Of course, many who do programming for a while will be tempted by low-level optimizations, and end up writing things like a lock-free ring buffer and zero-copy RPC libraries using raw memory pointers. In such cases you will want to first of all have a solid understanding of how the underlying hardware works, and get really familiar with tools like Valgrind, The value of Valgrind in particular is hard to overestimate, as with a bit of effort you can analyze your code for memory safety, multi-threading issues (threads, mutexes, etc.) as well as memory usage.

Touch Of Magic

Perhaps in this era of instant-gratification LLM code generating tools and “cut/paste from Stack Overflow”, we have forgotten the most important thing of all about programming.
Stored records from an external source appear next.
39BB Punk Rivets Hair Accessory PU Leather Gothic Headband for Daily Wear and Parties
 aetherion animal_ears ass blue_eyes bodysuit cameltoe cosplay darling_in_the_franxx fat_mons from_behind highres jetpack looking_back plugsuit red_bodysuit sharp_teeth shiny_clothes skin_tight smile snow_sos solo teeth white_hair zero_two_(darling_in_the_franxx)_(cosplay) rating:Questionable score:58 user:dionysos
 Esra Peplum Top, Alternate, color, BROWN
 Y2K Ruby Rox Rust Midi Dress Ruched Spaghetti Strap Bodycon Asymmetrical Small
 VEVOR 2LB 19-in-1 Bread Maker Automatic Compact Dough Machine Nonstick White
Namely that it is an engineering discipline that requires planning, documenting, testing, and feeling like the more you learn, the less you know, and the more easy mistakes you make as you write more complicated programs. Speaking as someone who is gradually porting personal C++ projects to Ada, what I have found along the way is that as much as I like C++, there’s something about Ada that really excites me.

Sure, it is a bit of a pain to get used to dealing with the default immutable string types, and it’s all too easy to just reach for the package of predefined integer and float types to get that instant gratification, not to mention the hours staring at the Ada compiler output as it informs you of all the issues in your code. Yet once you’re over those first hurdles, and the program just runs without glitches or oddities like you’re used to with C++ code, that’s an almost magical feeling.

This is perhaps why the ONCD report feels so wrong, as it contains none of the lessons of the past, nor the hard-won experiences of those who write the code that keeps much of society up and running. You can almost hear the cries of many senior software engineers as they wonder whether they’re merely chopped liver in the eyes of government organizations, even as said organizations are kept running due to countless lines of Ada, COBOL, C and C++ code. Never mind the security researchers who despair as basic input validation is once again ignored in favor of buzzwords pushed by a couple large corporations.